REQUIREMENT: Exactly the lines from the one containing "Damen Lässiges V-Ausschnitt" through the end of the data, and nothing more, should be retyped; pictures stay out.
:: PROVIDED DATA ::
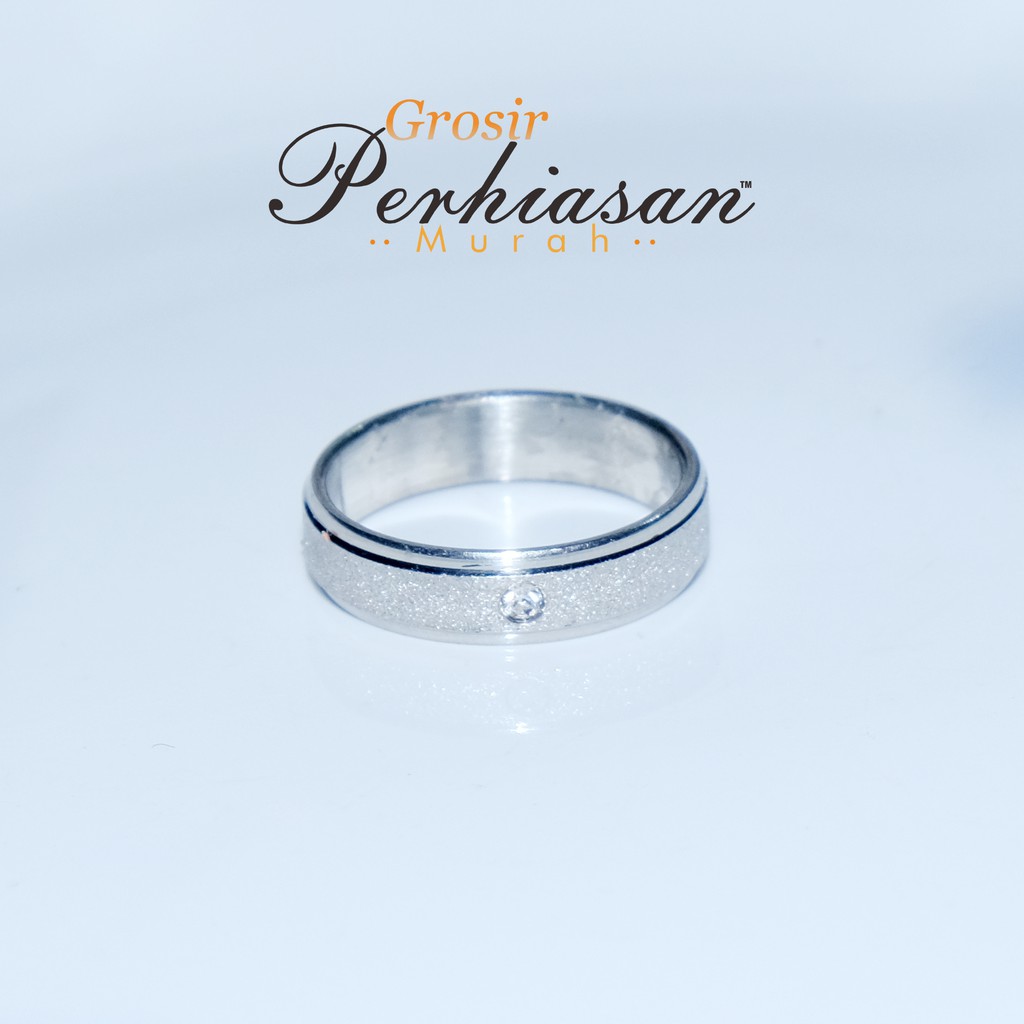 TERLARIS Cincin Titanium Cn5 Pasir Silver (BISA COD)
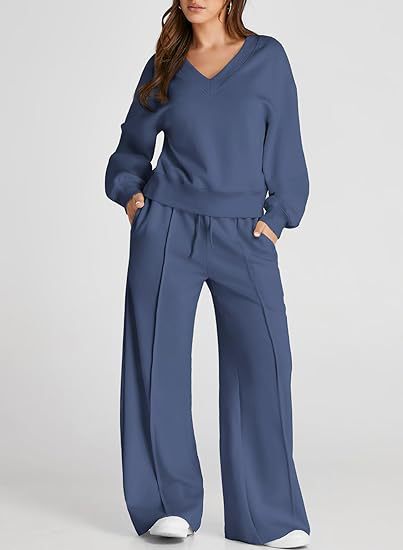 Damen Lässiges V-Ausschnitt Freizeit-Set mit weiter Jogginghose Drune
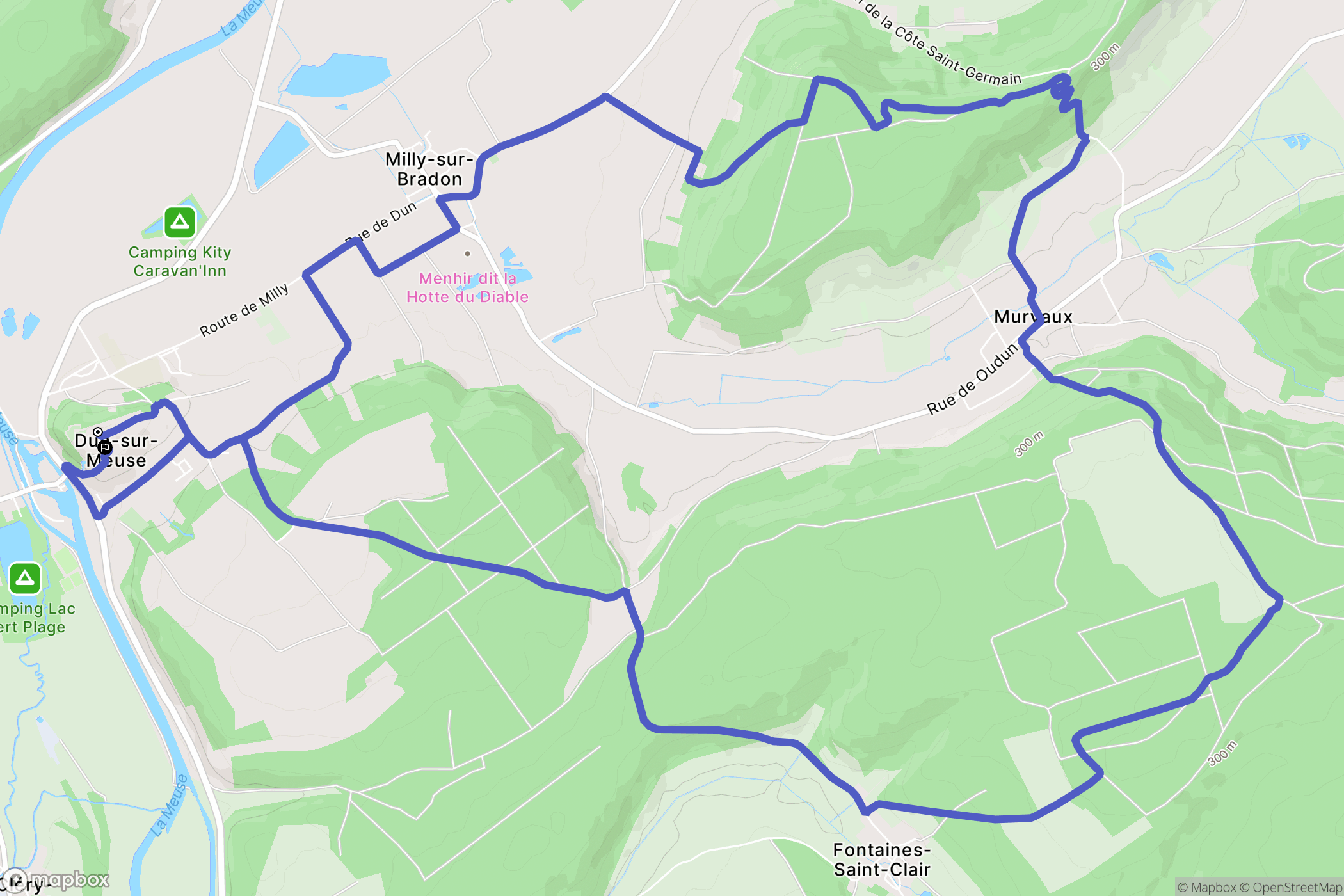 Dun-sur-Meuse : carte du parcours de randonnée - France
:::
RESULT:
 Damen Lässiges V-Ausschnitt Freizeit-Set mit weiter Jogginghose Drune
 Dun-sur-Meuse : carte du parcours de randonnée - France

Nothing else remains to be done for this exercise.